CountingRequestBody monitoredRequest = new CountingRequestBody(body, new CountingRequestBody.Listener() {
    @Override
    public void onRequestProgress(long bytesWritten, long contentLength) {
        //Update a progress bar with the following percentage
        float percentage = 100f * bytesWritten / contentLength;
        if (percentage >= 0) {
            //TODO: Progress bar
        } else {
            //Something went wrong
        }
    }
});

I changed the code for use it with OkHttp 3. Here is a link to the class in GitHub with the appropriate changes .

Handle Cookies with OkHttp

You can handle cookies in OkHttp with CookieJar. The following example is an example of how to handle cookies in OkHttp.

public class CookieStore implements CookieJar {

    private final Set<Cookie> cookieStore = new HashSet<>();

    @Override
    public void saveFromResponse(HttpUrl url, List<Cookie> cookies) {
        /**
         *Saves cookies from HTTP response
         * If the response includes a trailer this method is called second time
         */
        //Save cookies to the store
        cookieStore.addAll(cookies);
    }

    @Override
    public List<Cookie> loadForRequest(HttpUrl url) {
        /**
         * Load cookies from the jar for an HTTP request.
         * This method returns cookies that have not yet expired
         */
        List<Cookie> validCookies = new ArrayList<>();
        for (Cookie cookie : cookieStore) {
            LogCookie(cookie);
            if (cookie.expiresAt() < System.currentTimeMillis()) {
                // invalid cookies
            } else {
                validCookies.add(cookie);
            }
        }
        return validCookies;
    }

    //Print the values of cookies - Useful for testing
    private void LogCookie(Cookie cookie) {
        System.out.println("String: " + cookie.toString());
        System.out.println("Expires: " + cookie.expiresAt());
        System.out.println("Hash: " + cookie.hashCode());
        System.out.println("Path: " + cookie.path());
        System.out.println("Domain: " + cookie.domain());
        System.out.println("Name: " + cookie.name());
        System.out.println("Value: " + cookie.value());
    }
}

To handle cookies based on the specified policies in the CookieStore class, you have to apply these policies to the OkHttpClient as follows.
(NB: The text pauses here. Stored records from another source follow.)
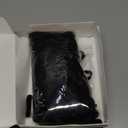 Flvaco Curly Clip In Hair Extensions, 4PCS 20 Inch Natural Black Extensions Clip Ins Lace Weft Curly Invisible Natural Hairpieces for Women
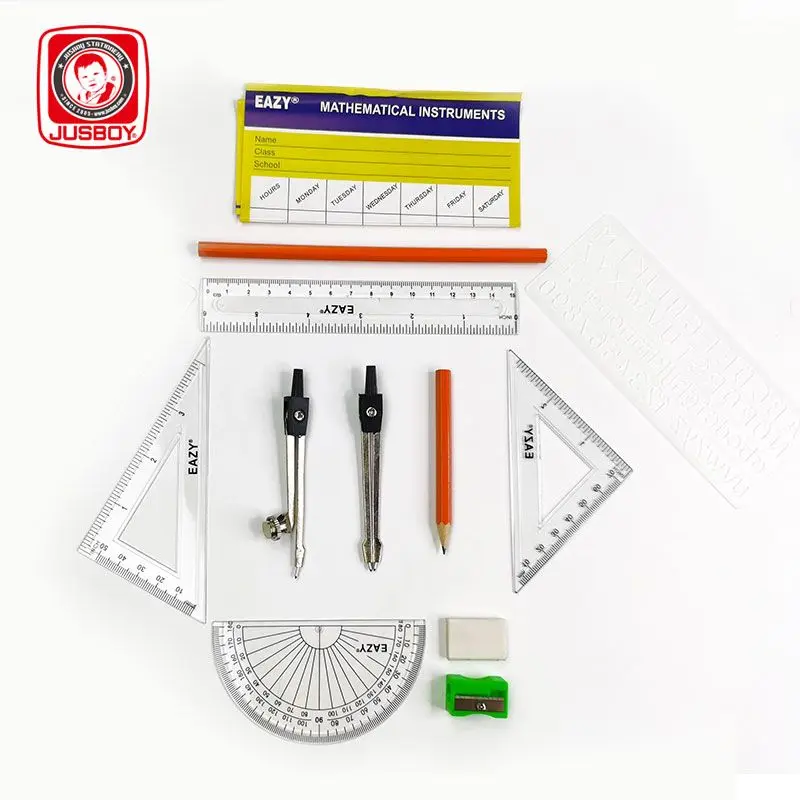 Геометрическая коробка математический набор для детей компас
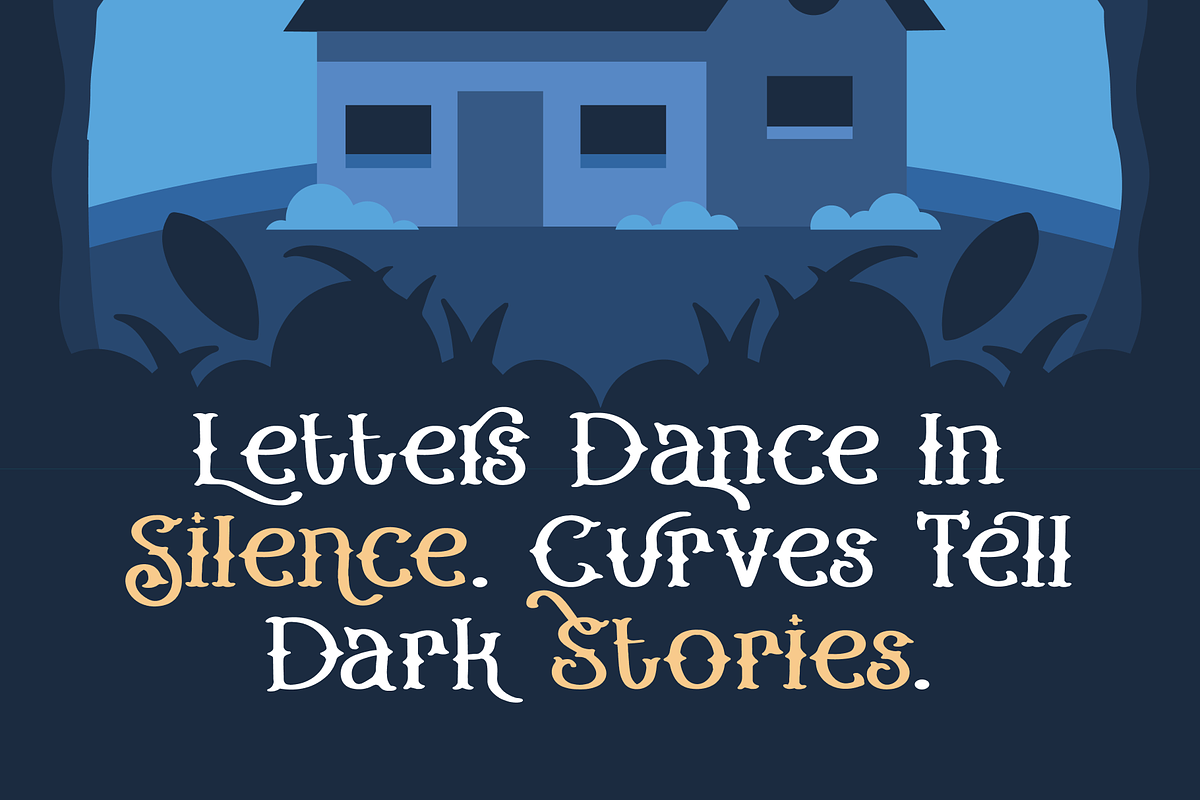 Ghost Scribe: Eerie Handwritten Font, a Handwritten Font by Helotype (Photo 2 of 8)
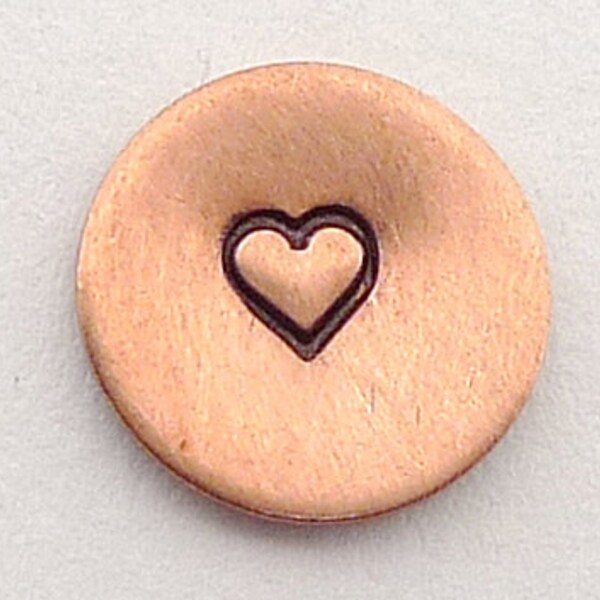 Heart Metal Design Stamp 2.5mm for Hand Stamping Jewelry  - The Urban Beader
OkHttpClient client = new OkHttpClient.Builder()
    .cookieJar(new CookieStore())
    .build();

Now you have updated the OkHttpClient to accept cookies, all the network requests cookies will be handled with the policies implemented in the CookieStore class.

This example is enough for session cookies, but for those who want to save cookies through subsequent app launches, this policies is not enough. There is a solution to this problem by using the PersistentCookieJar implementation based on SharedPreferences. To use this package with a OkHttpClient follow their usage guidelines.

All OK?

In this article I covered getting started with OkHttp and shared advice that might come in handy while working with it. I hope you find the library saves you time and would love to know what you create with it.